Transferring stuff out of registers into memory isn't usually a good idea. You are doing this every time you store into a pointer.
Instead of this:
{ ALIGN32_BEG v4sf *yy ALIGN32_END = (v4sf*) &y;
emm2[0] = _mm_and_si128(_mm_add_epi32( _mm_cvttps_epi32( yy[0] ), _v4si_pi32_1), _v4si_pi32_inv1),
emm2[1] = _mm_and_si128(_mm_add_epi32( _mm_cvttps_epi32( yy[1] ), _v4si_pi32_1), _v4si_pi32_inv1);
yy[0] = _mm_cvtepi32_ps(emm2[0]),
yy[1] = _mm_cvtepi32_ps(emm2[1]);
/* get the swap sign flag */
emm0[0] = _mm_slli_epi32(_mm_and_si128(emm2[0], _v4si_pi32_4), 29),
emm0[1] = _mm_slli_epi32(_mm_and_si128(emm2[1], _v4si_pi32_4), 29);
/* get the polynom selection mask
there is one polynom for 0 <= x <= Pi/4
and another one for Pi/4<x<=Pi/2
Both branches will be computed.
emm2[0] = _mm_cmpeq_epi32(_mm_and_si128(emm2[0], _v4si_pi32_2), _mm_setzero_si128()),
emm2[1] = _mm_cmpeq_epi32(_mm_and_si128(emm2[1], _v4si_pi32_2), _mm_setzero_si128());
((v4sf*)&poly_mask)[0] = _mm_castsi128_ps(emm2[0]);
((v4sf*)&poly_mask)[1] = _mm_castsi128_ps(emm2[1]);
swap_sign_bit = _mm256_castsi256_ps(emmm0);
Try something like this:
__m128i emm2a = _mm_and_si128(_mm_add_epi32( _mm256_castps256_ps128(y), _v4si_pi32_1), _v4si_pi32_inv1);
__m128i emm2b = _mm_and_si128(_mm_add_epi32( _mm256_extractf128_ps(y, 1), _v4si_pi32_1), _v4si_pi32_inv1);
y = _mm256_insertf128_ps(_mm256_castps128_ps256(_mm_cvtepi32_ps(emm2a)), _mm_cvtepi32_ps(emm2b), 1);
/* get the swap sign flag */
__m128i emm0a = _mm_slli_epi32(_mm_and_si128(emm2a, _v4si_pi32_4), 29),
__m128i emm0b = _mm_slli_epi32(_mm_and_si128(emm2b, _v4si_pi32_4), 29);
swap_sign_bit = _mm256_castsi256_ps(_mm256_insertf128_si256(_mm256_castsi128_si256(emm0a), emm0b, 1));
/* get the polynom selection mask
there is one polynom for 0 <= x <= Pi/4
and another one for Pi/4<x<=Pi/2
Both branches will be computed.
emm2a = _mm_cmpeq_epi32(_mm_and_si128(emm2a, _v4si_pi32_2), _mm_setzero_si128()),
emm2b = _mm_cmpeq_epi32(_mm_and_si128(emm2b, _v4si_pi32_2), _mm_setzero_si128());
poly_mask = _mm256_castsi256_ps(_mm256_insertf128_si256(_mm256_castsi128_si256(emm2a), emm2b, 1));
As mentioned in comments, cast intrinsics are purely compile-time and emit no instructions.

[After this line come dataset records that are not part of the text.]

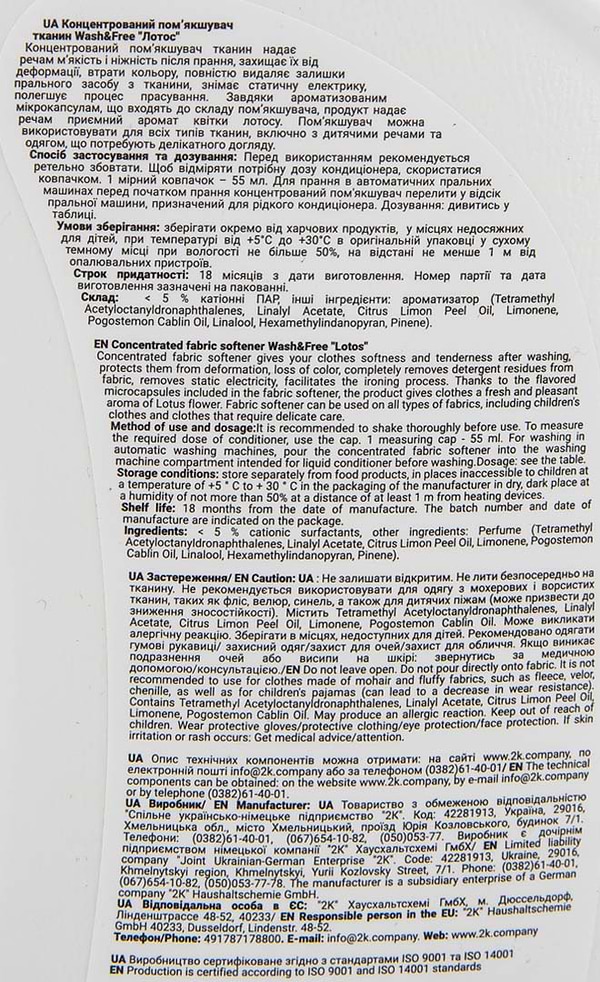 Фото - Ополіскувач для білизни WASH & FREE Концентрат Лотос 2 л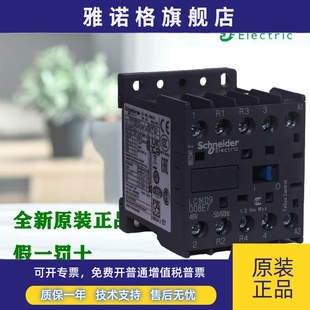 施耐德LC1K09008E7 M7 B7 P7 LP1K09008MD BD3 090085 四级接触器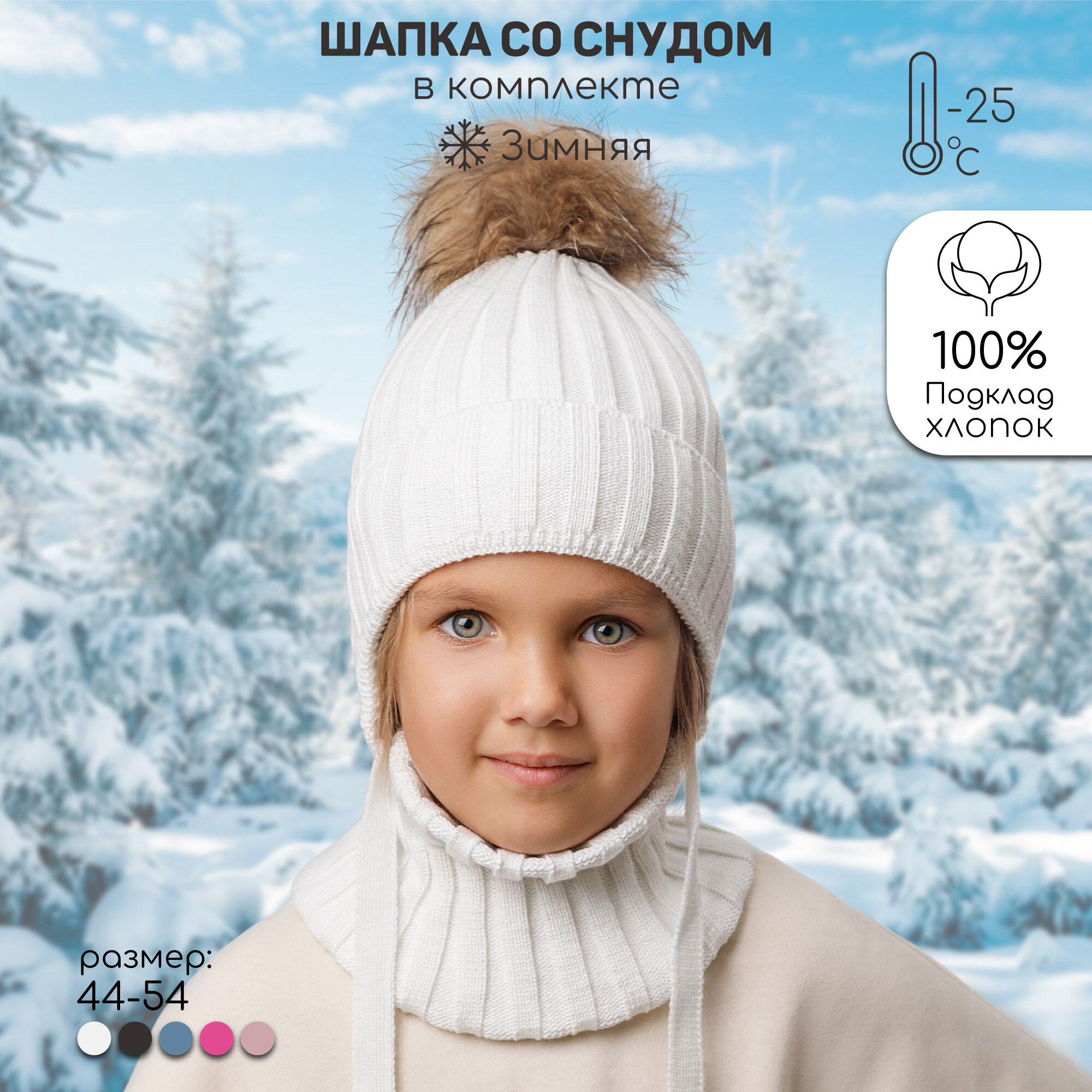 Комплект с головным убором Amarobaby Pure Love Snow для детей, размер 44-46, молочный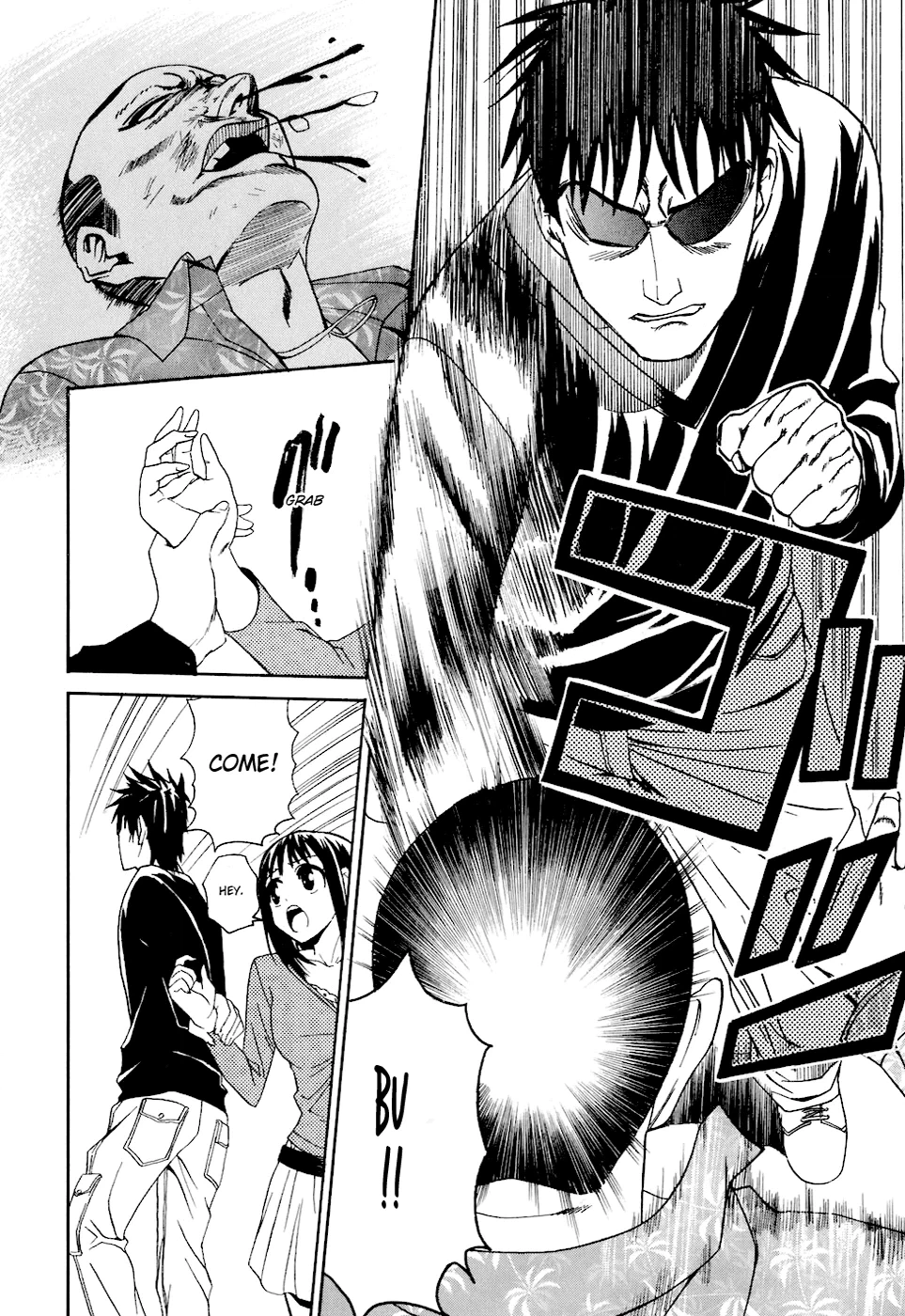 Bousou Shojo Chapter 3 page 10 -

Maybe you could compare your code to the already working AVX extension of Julien Pommier SSE math functions?
This code works in GCC but not MSVC and only supports floats (float8) but I think you could easily extend it to use doubles (double4) as well. A quick comparison of your sin function shows that they are quite similar except for the SSE2 integer part.